Ajoutez à cela le ridicule qui rappelle les tournois de quartier de notre jeunesse: un joyeux bordel entre bancs de touche, vestiaires et gradins, où l’arbitre est agressé près de l’écran VAR, le coach retire son équipe du terrain, des joueurs qui veulent saboter le point de penalty et, surtout…, des spectateurs qui sautent dans la fosse essayant d’investir l’aire de jeu, quitte à s’en prendre aux stadiers ou à se heurter aux forces de l’ordre.
Une finale chaotique, un comportement déplorable, loin de couronner une compétition de référence, qui a gagné en record et en prestige à la faveur de son organisation au Maroc.
«Cette CAN est meilleure que certaines éditions de l’Euro», «elle est digne d’une Coupe du monde»…, les témoignages élogieux des stars de la galaxie football à l’égard de notre pays sont sincères et authentiques.
C’est que le Maroc a livré une CAN à la hauteur des standards internationaux avec des infrastructures modernes, un accueil chaleureux et une organisation quasi parfaite. L’affluence a aussi atteint des records et les revenus pour la CAF sont d’un niveau inédit, en plus d’un rayonnement médiatique d’ampleur.
Cette CAN 2025 restera à bien des égards historique, même si elle aurait mérité de mieux se terminer. La profusion de sensations, sentiments et même couacs laissés derrière elle devraient néanmoins servir de tremplin pour se projeter plus loin.
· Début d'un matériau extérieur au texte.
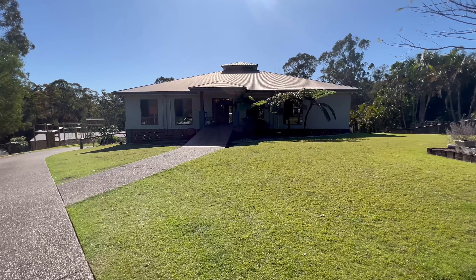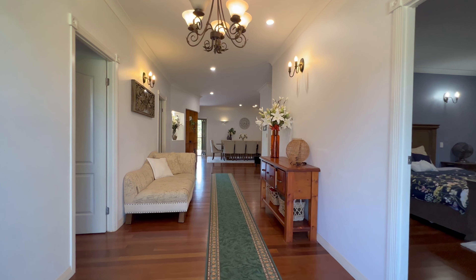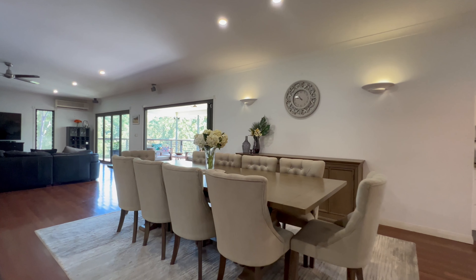Embracing timeless style and uncompromising attention to detail, this beautifully appointed family residence boasts a superb layout for entertaining and effortless outdoor living.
On le savait d’avance, la CAN n’est qu’un test grandeur nature pour un événement encore plus porteur : le Mondial 2030. Et force d’admettre que le crash-test a été réussi sur plusieurs aspects. Mais il a aussi révélé certaines insuffisances pour ne citer que la gestion de la billetterie, l’attribution des fan-zones et la gestion des flux de spectateurs.
C’est un audit de sa machine à organiser – déjà bien huilée et crédible – que le Royaume a d’abord gagné à travers cette compétition qui lui a permis en plus de s’offrir une vitrine planétaire.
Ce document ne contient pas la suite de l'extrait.